Psi Bands - Nausea Relief Chief/Co-Founder
Pacific Grove, CA

    Partnering or going solo?

    March 17, 2009

    Have you considered a business partner? I thought I would flesh out some of the pros/cons to having a partner(s). Some of you may have been on the fence about this choice, or maybe never considered it. Maybe it’s for you, maybe it’s not. But worth pondering, I think.


    As some of you know, I have a business partner. What most of you probably don’t know is that I have two business partners. My female biz partner is Carla Falcone (who, by the way, just joined STS). You may connect with her here: My male biz partner is Pieter Schouten.


    When we started Psi Bands, there was so much to do. The idea behind Psi Bands was literally the “mother of invention”. Carla and I suffered from terrible morning sickness during our pregnancies and we found nausea relief from wrist acupressure – but we were dissatisfied with existing products on the market. We set out to create something both functional and fashionable for others who suffer from nausea. The idea for Psi Bands was born. But, where to start? We found the answer in each other – and in Pieter, a product designer/developer. We created a team where the sum of the parts was greater than the whole. We combined our strengths and core competencies to set out on our entrepreneurial journey.


    Pros to a partnership

    • You can leverage off each others’ strengths and talents.
    • You can benefit from differing opinions – arriving at decisions that are well thought out.
    • You can spread out your financial investment. Especially during the current economy, this could be a major consideration.
    • You have an instant support system. This is important for morale, especially when there are bumps, and there will be bumps.  We know we are in this together.


    Cons to a partnership

    • You are not the sole decision maker. Your business partnership is like a marriage where you must listen, be respectful and compromise. You will be faced with disagreements. But, at the end of the day, assuming you are in a good partnership, these disagreements are highly beneficial – leading to more effective decisions.
    • You have to coordinate schedules to make decisions. It ads a layer of complexity. You need to have systems in place to effectively execute. In our case, we all work remotely, all from home-based offices so we don’t pass each other in the hall or lunch room.

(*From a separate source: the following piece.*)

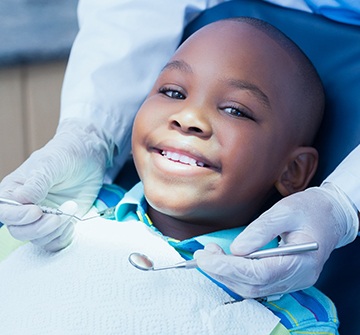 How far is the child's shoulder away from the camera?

We have regularly scheduled weekly meetings on Skype and communicate as needed via phone and email. It’s not always easy, but it meets our individual needs/schedules. All 3 of us are parents with young children spanning in age from 2-9.

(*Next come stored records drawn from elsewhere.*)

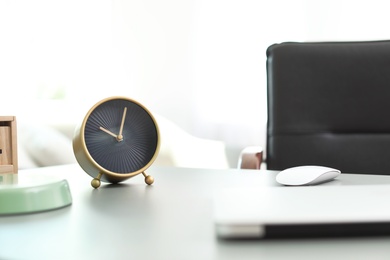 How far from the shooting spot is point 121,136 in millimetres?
832

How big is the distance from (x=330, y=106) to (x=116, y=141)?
86 centimetres

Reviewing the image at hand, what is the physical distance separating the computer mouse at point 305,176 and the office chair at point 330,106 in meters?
0.64

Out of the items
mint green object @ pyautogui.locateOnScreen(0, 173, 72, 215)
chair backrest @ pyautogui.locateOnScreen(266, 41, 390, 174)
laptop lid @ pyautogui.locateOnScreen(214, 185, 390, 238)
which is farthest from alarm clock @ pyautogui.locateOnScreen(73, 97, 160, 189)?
chair backrest @ pyautogui.locateOnScreen(266, 41, 390, 174)

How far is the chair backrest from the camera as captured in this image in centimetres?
150

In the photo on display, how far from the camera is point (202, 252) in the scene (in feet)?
1.41

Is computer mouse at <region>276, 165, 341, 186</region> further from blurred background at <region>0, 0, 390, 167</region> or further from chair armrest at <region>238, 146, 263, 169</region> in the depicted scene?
blurred background at <region>0, 0, 390, 167</region>

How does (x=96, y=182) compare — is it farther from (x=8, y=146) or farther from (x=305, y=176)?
(x=305, y=176)

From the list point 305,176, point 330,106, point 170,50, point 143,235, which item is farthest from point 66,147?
point 170,50

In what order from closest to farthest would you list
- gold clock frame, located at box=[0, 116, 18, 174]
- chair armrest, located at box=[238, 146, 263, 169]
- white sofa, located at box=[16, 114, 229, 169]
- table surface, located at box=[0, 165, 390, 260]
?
table surface, located at box=[0, 165, 390, 260], gold clock frame, located at box=[0, 116, 18, 174], chair armrest, located at box=[238, 146, 263, 169], white sofa, located at box=[16, 114, 229, 169]

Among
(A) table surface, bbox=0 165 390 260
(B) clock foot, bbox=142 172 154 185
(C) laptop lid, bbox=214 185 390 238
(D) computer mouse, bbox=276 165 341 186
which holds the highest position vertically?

    • You should have a well defined and legally documented partnership agreement in place. What happens if someone dies, becomes disabled, goes through a divorce, wants “out” of the business, etc. These are all realities. No one goes into a partnership thinking that these things will happen to them, so it should all be clearly defined from the get go where all partners and spouses have signed the dotted line.


    Whether you partner or lead solo, savor your journey. Or, as we like to say here, “Savor the Success”.

    P.S. Psi Bands' goal is to land another retail account with 5000+ stores.